= The problem =
Each entry has to be given again in its exact wording, and no picture may appear in the result.

= Data supplied =
---------------
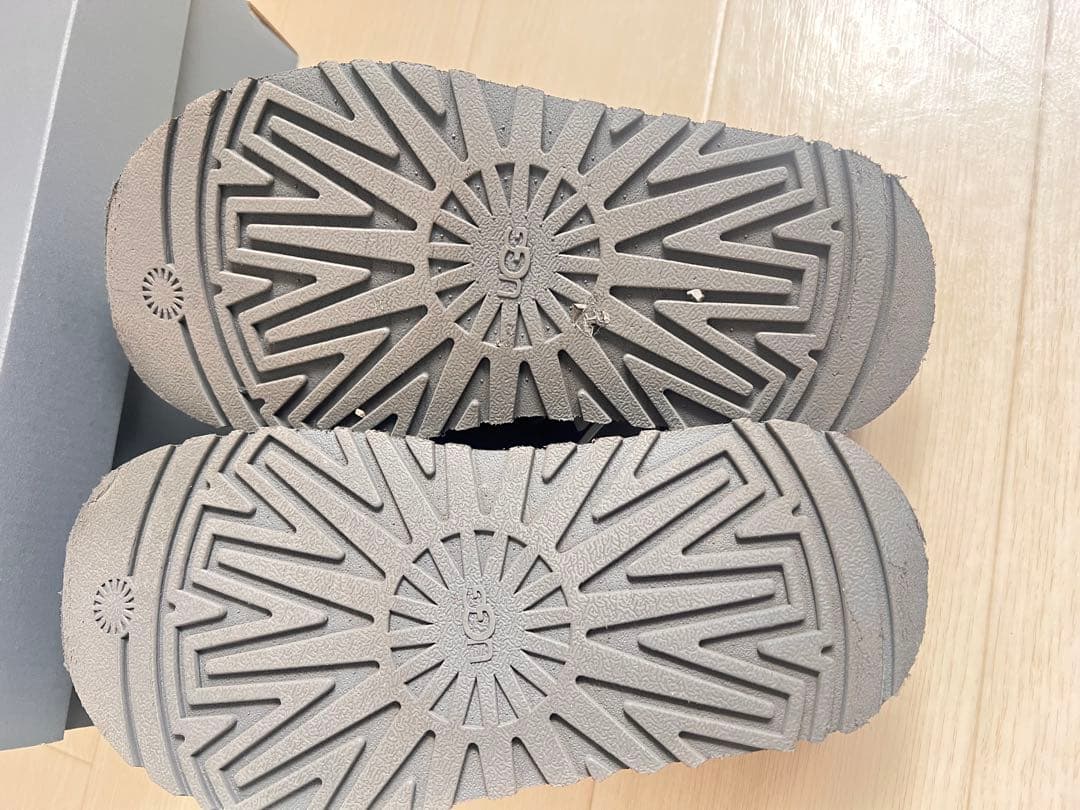 UGG 厚底　ファーサンダル　ディスコスライド　サイズ23cm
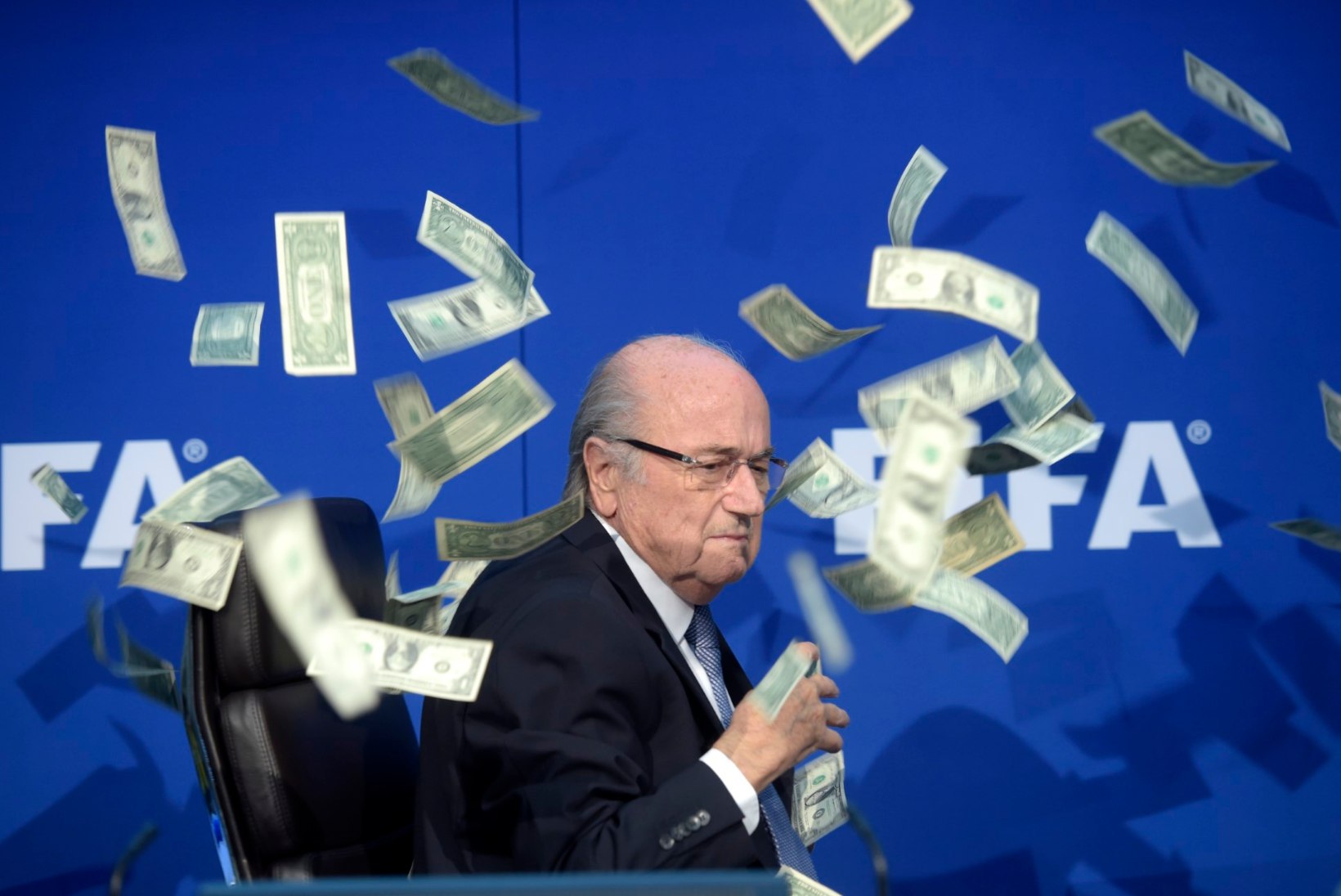 FOTOD ja VIDEO | Sepp Blatterile korraldati pressikonverentsi eel rahadušš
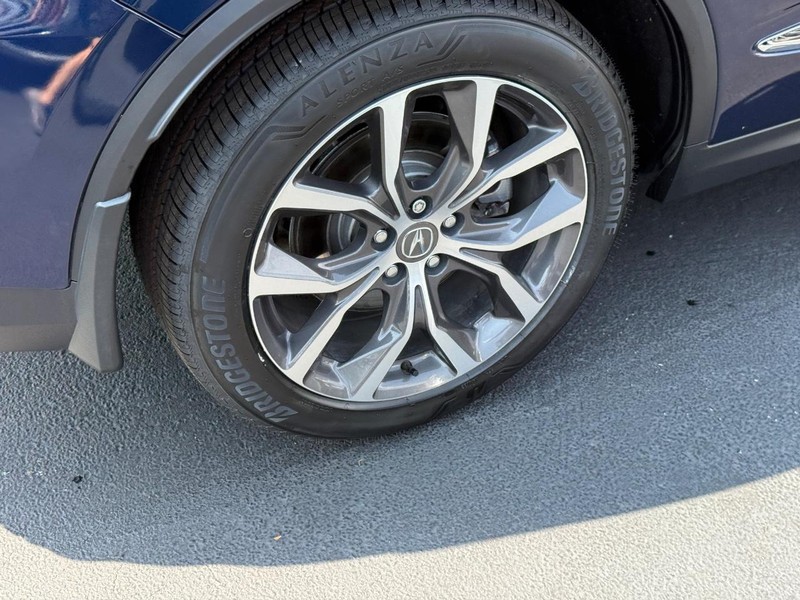 Acura MDX Vehicle Full-screen Gallery Image 07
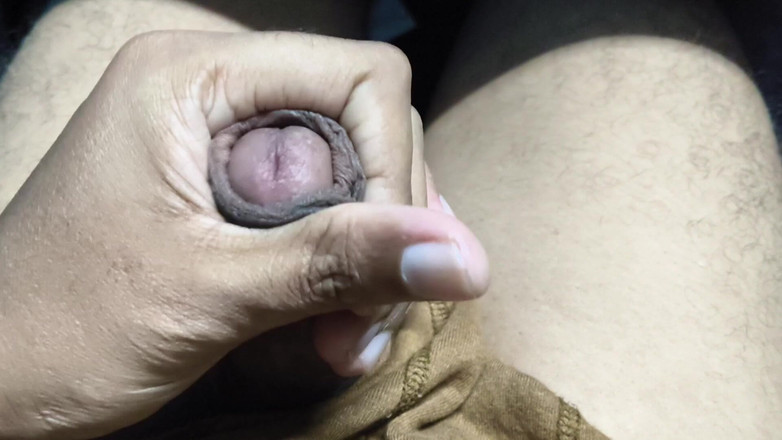 Roxy Bay: ペニスマッサージで自分を触る楽しい時間を一人で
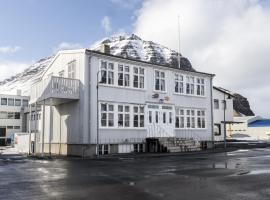 Einarshúsid Guesthouse, hotel v destinaci Bolungarvík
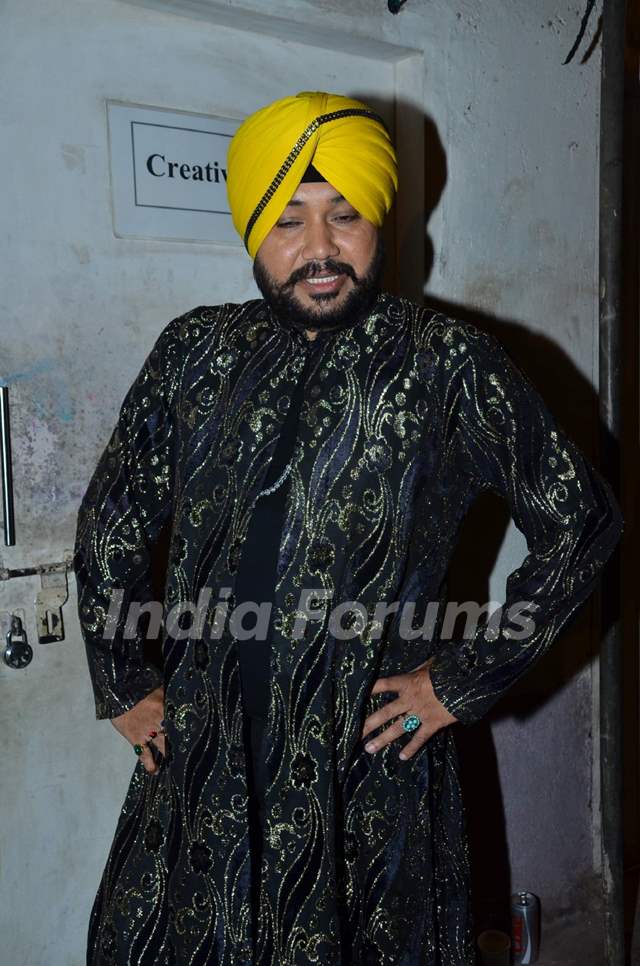 Daler Mehndi on the set of Comedy Circus. .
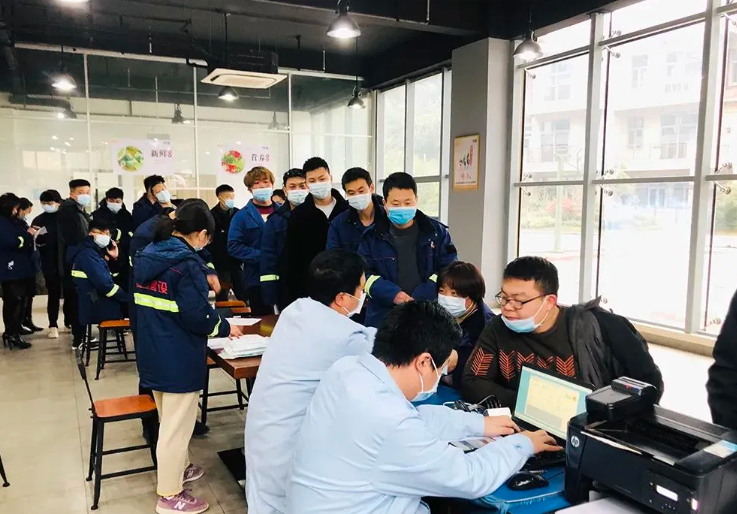 为“熊猫侠”点赞！益通人代代相传的温暖与担当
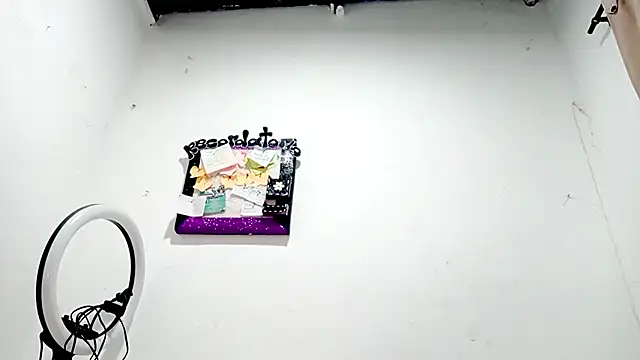 PetiteIvoryQueen19 online show from 20, 12, 2025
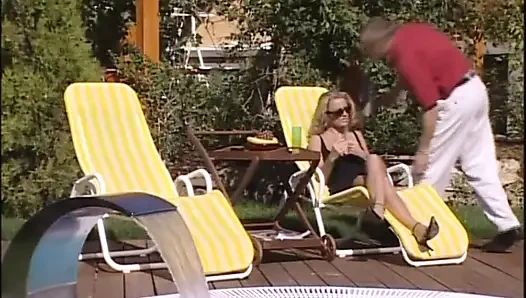 В трах волосатую киску анально проникли в саду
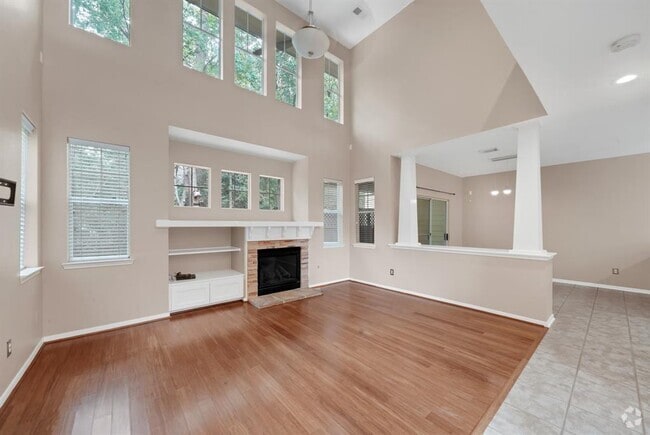Building Photo - 14 Scarlet Woods Ct Rental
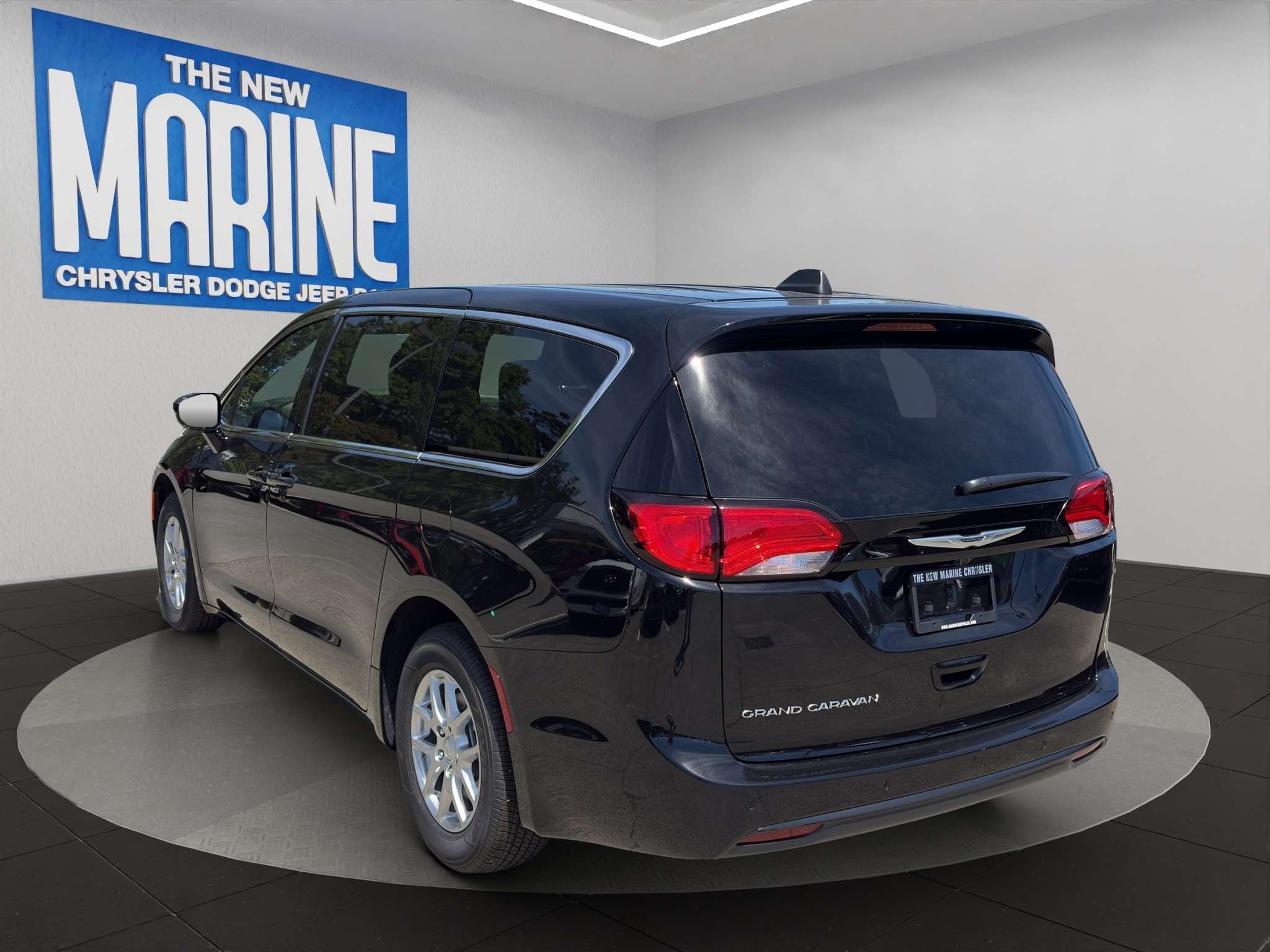 2027 Chrysler Grand Caravan SXT — снимка 1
---------------
= Written solution =
 UGG 厚底　ファーサンダル　ディスコスライド　サイズ23cm
 FOTOD ja VIDEO | Sepp Blatterile korraldati pressikonverentsi eel rahadušš
 Acura MDX Vehicle Full-screen Gallery Image 07
 Roxy Bay: ペニスマッサージで自分を触る楽しい時間を一人で
 Einarshúsid Guesthouse, hotel v destinaci Bolungarvík
 Daler Mehndi on the set of Comedy Circus. .
 为“熊猫侠”点赞！益通人代代相传的温暖与担当
 PetiteIvoryQueen19 online show from 20, 12, 2025
 В трах волосатую киску анально проникли в саду
Building Photo - 14 Scarlet Woods Ct Rental
 2027 Chrysler Grand Caravan SXT — снимка 1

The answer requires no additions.